Acho que está mudando muito. Só que essas coisas demoram. Foram 21 anos de inserções de nomes de ditadores em estradas, colégios, praças e pontes, e tudo isso passa por um processo de resgate de memória e de verdade. Precisa passar de novo pela Câmara pra tirar esses anos. Tivemos uma conquista recentemente em São Paulo, um Estado avesso ao trabalhismo, até pela revolução de 1932, onde não tem uma avenida com o nome de Getúlio Vargas. O Minhocão lá se chamava “Presidente Costa e Silva” e conseguimos mudar para “Presidente João Goulart”. Mas tudo isso tem um processo lento de amadurecimento.
João Goulart era vice-presidente. Assumiu o cargo de presidente após renúncia de Jânio Quadros, e implantou uma série de reformas: agrária, educacional, fiscal, eleitoral. É uma história muito parecida com a de Michel Temer (PMDB), que também tenta uma gama de reformas, mas ao mesmo tempo muito distinta em circunstâncias políticas. Qual o contraste das propostas de reformas?
Essas são reformas para vender o Brasil. Aquelas eram para proteger o subsolo, o trabalhador, a habitação, construir uma educação humanista através de Paulo Freire, e não isso que estão fazendo agora. Agora estamos criando educação com sistema “goela abaixo”. São reformas para retirar direitos e não para avançar em direitos sociais, distribuição de renda. Essa aqui é a antirreforma. Aquelas eram reformas populares, que davam monopólio de extração e refino à Petrobras, encampação de refinarias estrangeiras, lei de remessa de lucros, a criação da Embratel, o 13º, tudo é criação do João Goulart e conquistas que daqui a poucos estaremos perdendo.
Temos um presidente resultado de um impeachment, a que muitos atribuem o caráter de “golpe”. Mesmo sem a consolidação de uma ditadura militar e um estado de exceção, é uma mudança tão disruptiva quanto aquela?
Veja só, todos os sistemas políticos evoluem, inclusive os dos golpes.
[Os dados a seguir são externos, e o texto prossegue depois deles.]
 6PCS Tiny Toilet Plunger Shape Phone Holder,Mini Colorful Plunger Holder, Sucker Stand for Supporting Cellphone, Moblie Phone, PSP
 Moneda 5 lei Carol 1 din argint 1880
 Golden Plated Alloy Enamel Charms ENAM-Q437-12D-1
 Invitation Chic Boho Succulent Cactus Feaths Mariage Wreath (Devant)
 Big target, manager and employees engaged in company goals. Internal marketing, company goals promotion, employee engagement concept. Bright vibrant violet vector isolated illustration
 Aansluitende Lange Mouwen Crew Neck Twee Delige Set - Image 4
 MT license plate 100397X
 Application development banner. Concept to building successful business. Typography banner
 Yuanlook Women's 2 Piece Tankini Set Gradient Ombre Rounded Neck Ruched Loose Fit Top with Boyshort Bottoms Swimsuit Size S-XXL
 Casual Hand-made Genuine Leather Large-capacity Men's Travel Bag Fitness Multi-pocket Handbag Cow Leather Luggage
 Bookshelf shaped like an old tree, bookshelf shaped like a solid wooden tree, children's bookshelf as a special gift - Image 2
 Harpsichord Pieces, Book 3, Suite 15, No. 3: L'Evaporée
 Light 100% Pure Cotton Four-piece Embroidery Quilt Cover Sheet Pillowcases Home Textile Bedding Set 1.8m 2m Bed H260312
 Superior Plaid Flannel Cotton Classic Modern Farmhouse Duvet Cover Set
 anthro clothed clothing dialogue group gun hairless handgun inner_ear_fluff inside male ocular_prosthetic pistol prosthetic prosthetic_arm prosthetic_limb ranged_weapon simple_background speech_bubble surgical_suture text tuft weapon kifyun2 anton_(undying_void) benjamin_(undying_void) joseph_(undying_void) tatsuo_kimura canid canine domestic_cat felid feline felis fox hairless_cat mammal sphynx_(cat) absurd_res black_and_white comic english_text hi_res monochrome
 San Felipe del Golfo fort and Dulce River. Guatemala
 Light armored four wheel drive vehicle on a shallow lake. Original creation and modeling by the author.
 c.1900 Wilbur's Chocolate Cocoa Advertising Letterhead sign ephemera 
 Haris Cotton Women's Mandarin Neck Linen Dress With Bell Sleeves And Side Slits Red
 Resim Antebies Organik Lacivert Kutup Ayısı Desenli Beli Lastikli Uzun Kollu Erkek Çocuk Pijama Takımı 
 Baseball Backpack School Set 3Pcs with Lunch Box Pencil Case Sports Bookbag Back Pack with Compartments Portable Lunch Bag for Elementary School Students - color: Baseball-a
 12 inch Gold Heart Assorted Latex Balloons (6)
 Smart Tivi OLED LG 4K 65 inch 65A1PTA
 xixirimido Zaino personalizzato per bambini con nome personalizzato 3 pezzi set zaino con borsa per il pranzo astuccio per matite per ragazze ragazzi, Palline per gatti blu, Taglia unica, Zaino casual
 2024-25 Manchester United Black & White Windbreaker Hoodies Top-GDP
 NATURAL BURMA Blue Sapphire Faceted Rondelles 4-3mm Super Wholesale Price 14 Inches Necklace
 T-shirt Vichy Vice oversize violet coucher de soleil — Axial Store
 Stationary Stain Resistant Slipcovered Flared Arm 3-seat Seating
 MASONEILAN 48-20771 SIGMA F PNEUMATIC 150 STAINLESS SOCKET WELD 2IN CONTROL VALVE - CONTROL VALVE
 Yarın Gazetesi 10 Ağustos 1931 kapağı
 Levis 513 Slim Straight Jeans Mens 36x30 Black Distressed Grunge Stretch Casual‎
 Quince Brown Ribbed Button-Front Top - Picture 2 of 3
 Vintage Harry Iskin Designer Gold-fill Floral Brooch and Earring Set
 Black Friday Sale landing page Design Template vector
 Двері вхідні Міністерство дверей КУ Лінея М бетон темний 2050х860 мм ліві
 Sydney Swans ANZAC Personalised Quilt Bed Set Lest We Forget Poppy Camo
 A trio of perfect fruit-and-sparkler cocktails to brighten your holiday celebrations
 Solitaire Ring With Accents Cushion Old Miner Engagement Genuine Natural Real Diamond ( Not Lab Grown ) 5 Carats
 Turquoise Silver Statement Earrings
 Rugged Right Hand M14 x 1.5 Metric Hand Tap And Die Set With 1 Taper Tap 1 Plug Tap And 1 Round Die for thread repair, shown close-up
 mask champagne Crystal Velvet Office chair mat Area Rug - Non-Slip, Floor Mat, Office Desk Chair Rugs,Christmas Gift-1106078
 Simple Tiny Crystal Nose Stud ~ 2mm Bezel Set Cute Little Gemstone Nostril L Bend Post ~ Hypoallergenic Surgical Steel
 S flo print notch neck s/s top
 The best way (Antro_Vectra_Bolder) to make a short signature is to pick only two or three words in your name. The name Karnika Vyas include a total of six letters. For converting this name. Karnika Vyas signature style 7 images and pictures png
Existem dois tipos de guerra: a guerra aberta, onde se conhece o inimigo, e a guerra fechada, que é o que estão fazendo. É a colocação de sicários dentro de um Estado independente, a desmoralização dos políticos, desgaste via inflação, imprensa colocando a favor da modernidade e tirando direitos dos trabalhadores. Mas esse governo que assumiu é tão ou mais podre, que todo dia cai uma manga. É um governo pé de manga. Já caíram sete ministros, mais cinco na lista. Claro que os golpes não são idênticos. As coisas evoluem. Mas o objetivo é o mesmo: tirar do povo brasileiro, o progresso. Temos similitudes também que, depois do Comício da Central, chegou um momento em que a esquerda se dividiu também. Uma parte se chamava “Frente Parlamentar”, que queria as reformas na marra. E Jango era um legalista. A única diferença é que hoje não temos os militares. Mas temos as togas dos juízes, derretendo.